A Critical Period for Ensuring Stability in Côte d’Ivoire , the latest report from the International Crisis Group, examines the measures President Alassane Ouattara must take on security, justice, political dialogue and the economy and explains that he must above all aim for national reconciliation in all key decisions. The internationally community – importantly the UN, which maintains a crucial peacekeeping force (UNOCI) in the country —needs to work with him to fill security vacuums, facilitate an inclusive political dialogue, prepare legislative elections by year’s end and restart economic life.

Ivory Coast
Ivory Coast

“The new government must not underestimate the threats that still endanger peace”, says Gilles Yabi, Crisis Group’s West Africa Project Director. “It must avoid becoming drunk with power in the manner that has led its predecessors to make so many disastrous decisions during the last two decades”.

Ouattara won November’s election, but his opponent, the then President Laurent Gbagbo, who received 46 per cent of the vote, waged a violent campaign to hold on to power. The military fractured, and thousands of civilians were killed.

Security is the first challenge for the new government. The Forces Nouvelles, the former insurgency that in large part enabled Ouattara to oust Gbagbo, must be disbanded, and its economic control mechanism ended. UN troops should help fill the vacancy it leaves and design new ways to collect arms scattered around the country. A vetting mechanism is needed to identify and keep out of the new army that is being formed those from the former forces as well as ex-rebels who committed serious violence.
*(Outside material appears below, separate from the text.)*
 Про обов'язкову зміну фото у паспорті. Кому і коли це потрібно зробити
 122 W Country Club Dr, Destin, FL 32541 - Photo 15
It is essential that the reconciliation process begin immediately. The Dialogue, Truth and Reconciliation Commission must quickly show itself truly independent and credible. The justice system needs to investigate crimes by both sides, and the president should ask the Interational Criminal Court to look into the most serious offences committed since 2002, not only those that followed last year’s election. The new government should open political space for the opposition, including by engaging former members of Gbagbo’s party in dialogue, so that there can be broad participation in the legislative elections.

“The president needs to make courageous decisions about security, justice and economic revival and include a sense of reconciliation in each decision,” says Comfort Ero, Crisis Group’s Africa Program Director. “His coming to power must not overshadow the fact that Côte d’Ivoire remains fragile and unstable”.